Computational models of acoustic wave propagation are frequently used in transcranial ultrasound therapy, for example, to calculate the intracranial pressure field or to calculate phase delays to correct for skull distortions. To allow intercomparison between the different modeling tools and techniques used by the community, an international working group was convened to formulate a set of numerical benchmarks. Here, these benchmarks are presented, along with intercomparison results. Nine different benchmarks of increasing geometric complexity are defined. These include a single-layer planar bone immersed in water, a multi-layer bone, and a whole skull. Two transducer configurations are considered (a focused bowl and a plane piston operating at 500 kHz), giving a total of 18 permutations of the benchmarks. Eleven different modeling tools are used to compute the benchmark results.
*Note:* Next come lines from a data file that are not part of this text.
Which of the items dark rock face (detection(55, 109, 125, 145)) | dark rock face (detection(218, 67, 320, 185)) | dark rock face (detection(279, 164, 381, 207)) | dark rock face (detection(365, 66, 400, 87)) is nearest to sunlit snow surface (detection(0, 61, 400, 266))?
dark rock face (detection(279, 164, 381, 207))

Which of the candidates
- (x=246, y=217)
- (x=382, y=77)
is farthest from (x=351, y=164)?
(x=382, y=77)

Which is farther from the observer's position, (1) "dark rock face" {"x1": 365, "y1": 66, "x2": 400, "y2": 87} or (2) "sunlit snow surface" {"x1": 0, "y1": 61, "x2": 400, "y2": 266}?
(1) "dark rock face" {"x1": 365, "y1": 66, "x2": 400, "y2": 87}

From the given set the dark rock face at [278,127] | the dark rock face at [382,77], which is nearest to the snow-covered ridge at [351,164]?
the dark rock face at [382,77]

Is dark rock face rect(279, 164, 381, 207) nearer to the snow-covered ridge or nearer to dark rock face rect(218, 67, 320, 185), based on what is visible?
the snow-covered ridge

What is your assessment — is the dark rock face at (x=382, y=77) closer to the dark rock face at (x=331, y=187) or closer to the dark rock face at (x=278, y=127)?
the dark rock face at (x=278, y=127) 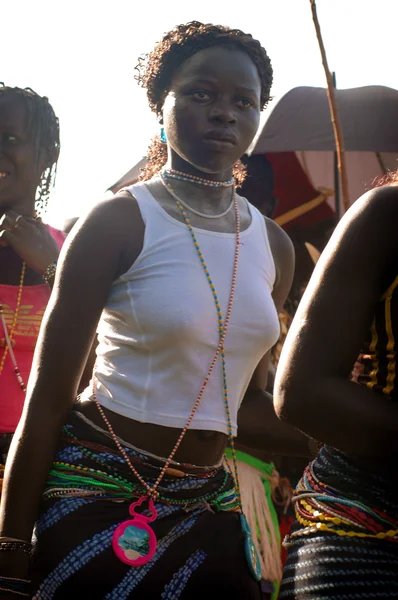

The models span a wide range of numerical techniques, including the finite-difference time-domain method, angular spectrum method, pseudospectral method, boundary-element method, and spectral-element method. Good agreement is found between the models, particularly for the position, size, and magnitude of the acoustic focus within the skull. When comparing results for each model with every other model in a cross-comparison, the median values for each benchmark for the difference in focal pressure and position are less than 10% and 1 mm, respectively. The benchmark definitions, model results, and intercomparison codes are freely available to facilitate further comparisons.